Re: EPIPE

Austin Donnelly <austin@xxxxxxxx> · Tue, 9 May 2000 12:44:41 +0100 (BST)

On Monday, 8 May 2000, Michael Natterer wrote:

> Unfortunately this is not the reason why gimp dies on just any aborting
> child. Although I 100% agree that SIGPIPE being fatal is the wrong thing
> to do. I browsed CVS and Gimp is connecting SIGPIPE to on_signal() since
> the beginning of CVS time.

Ok, fair enough.  But gimp used to be able to survive its plugins
dying in the past.  I'm not sure when this was last working.

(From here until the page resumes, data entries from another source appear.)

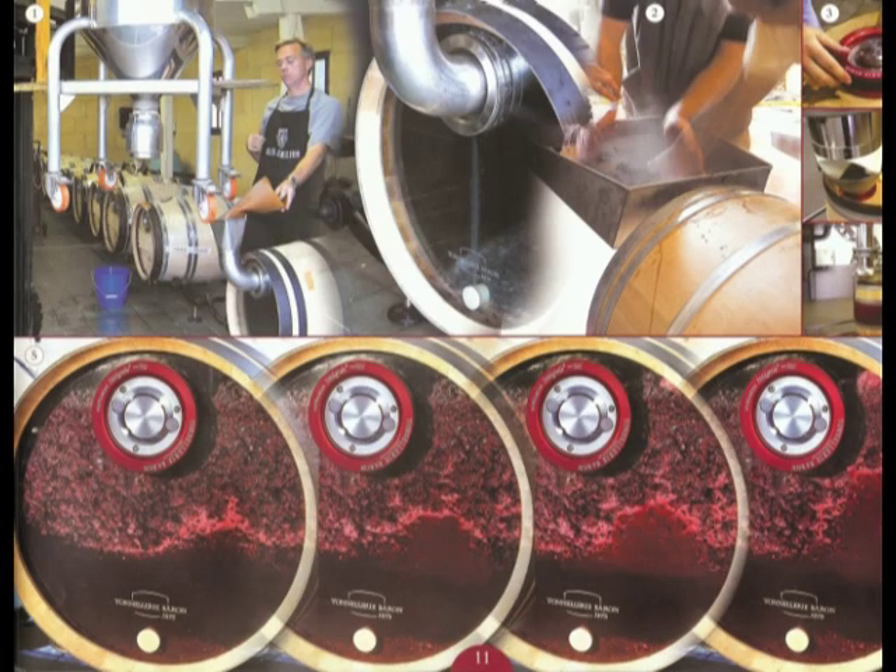The pioneering barrel maker for fermentation intégrale, as it is called, is Tonellerie Barron. And I am happy to say that I am enshrined in their marketing literature, shown here.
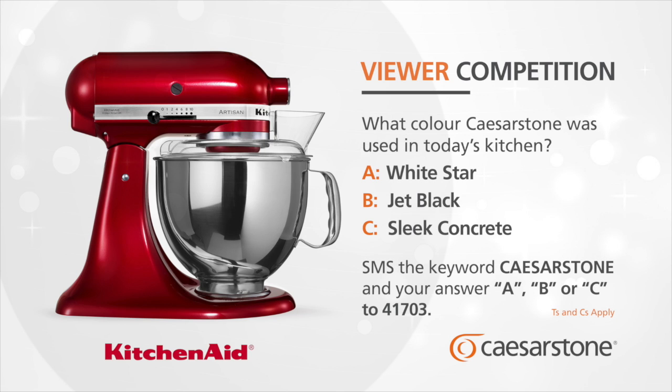The KitchenAid Mixer is the perfect companion for your Caesarstone surfaces. Win your very own KitchenAid Mixer each week with the Caesarstone Kitchen of the Year competition. To enter, tell us what colour Caesarstone was used in today's kitchen. Is it A. White Star, B. Jet Black, or C. Sleek Concrete? SMS the keyword Caesarstone and your answer A, B or C to 41703.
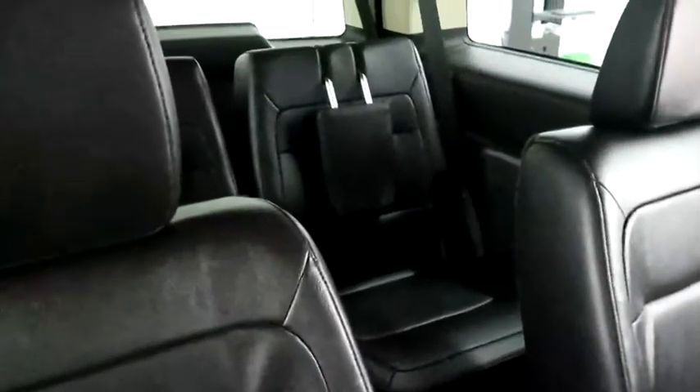Inside, leather interior. Seats are very clean all the way throughout. Second row and third row seating, so plenty of room for the whole family.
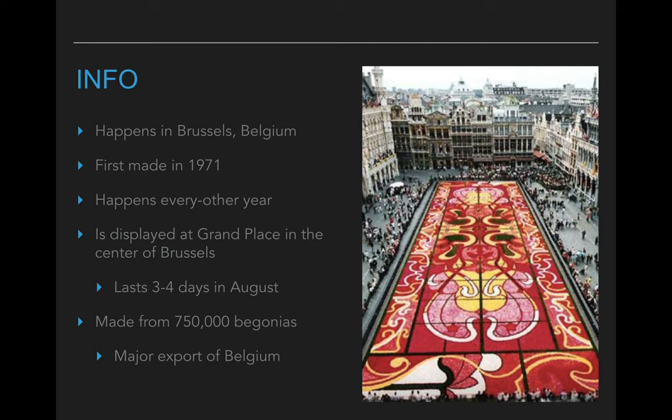Typically it happens in August and it lasts for about three or four days — it doesn't last for a super long time. It typically happens in this big courtyard in Brussels called the Grand Place. It's kind of like the city center, and you can see the buildings around the edge with this big opening in the middle, which they kind of block off.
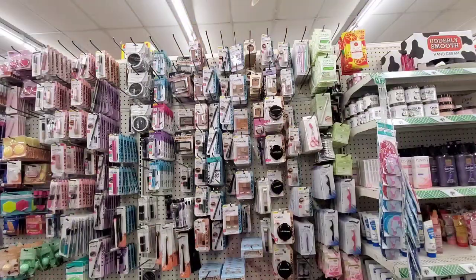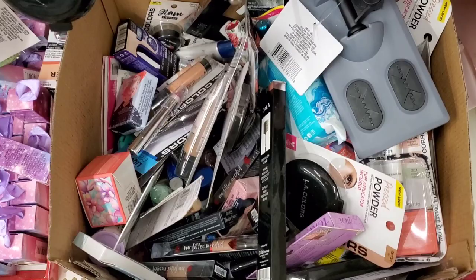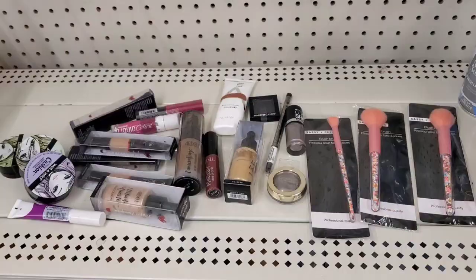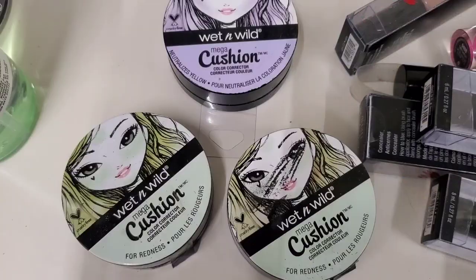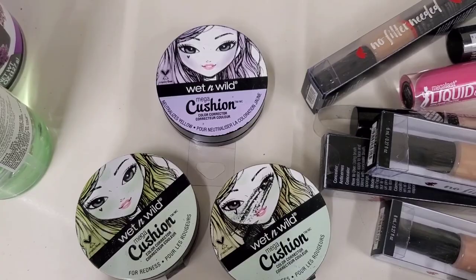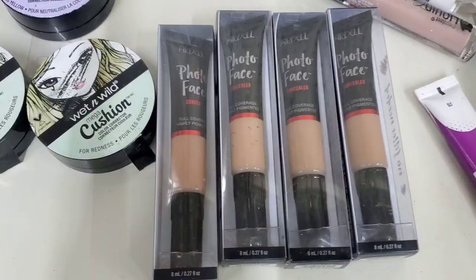If you find a box like this at your store, dig into it because you can find drugstore makeup inside — it happens all the time with me. So here you can see I found all of this drugstore makeup in that box. They had Wet n Wild Mega Cushion color correctors in two different ones — we have seen these in the past. Also they had a bunch of Ardell concealers, which is a very good find at Dollar Tree.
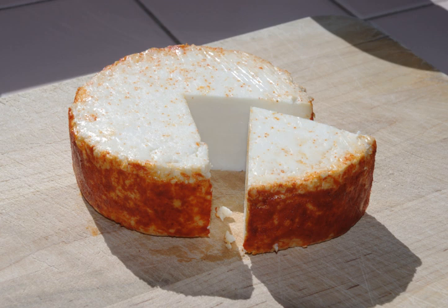As a fresh cheese, it is crumbly and breaks into small pieces very easily. When dried, it acquires a firm texture, allowing it to be easily shredded or grated.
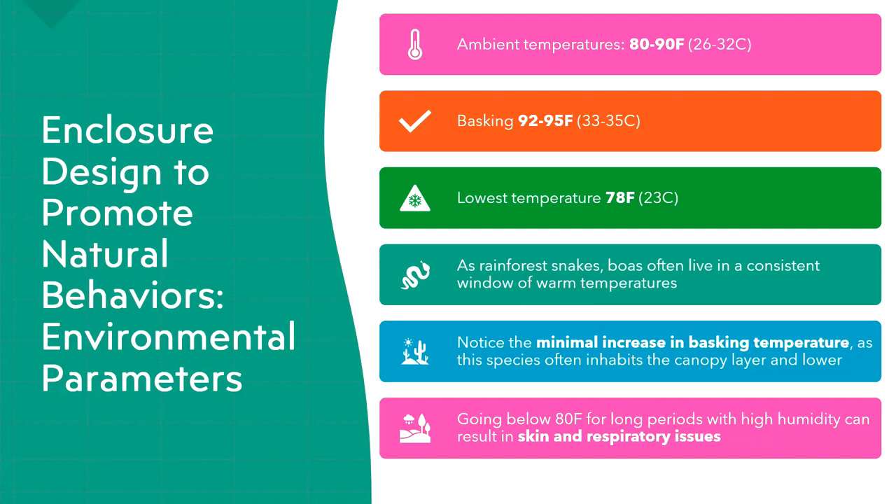Desert species can easily develop skin issues in a humid environment they weren't adapted for, and boas are in the opposite spectrum. There are populations adapted for very different environments, but the more common species are going to prefer those rainforest temperatures and humidity.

> There is also an infinite loop using 30% of my cpu time in all cases where
> a dying plugin does _not_ kill gimp.

Fvwm2 used to have a bug very similar to this.  It turned out to be
trying to do too much processing in some signal hander function.

> [Mitch on temp procs not working from plugins]

This seems to be a separate, probably unrelated, bug.

On Monday, 8 May 2000, Tim Mooney wrote:

> The SIGPIPE problem is because on_signal is currently treating it as a
> fatal signal (see the case on_signal in app/main.c).  The on_signal routine
> should probably be modified to not treat SIGPIPE as fatal.  That should fix
> the problem Austin is seeing (that others will no doubt see too).  Someone
> should investigate the handler in 1.1.19 or earlier, and see what was being
> done on SIGPIPE there.

On Monday, 8 May 2000, Tim Mooney wrote:

> So why is Austin observing the problem now?  I'm not sure.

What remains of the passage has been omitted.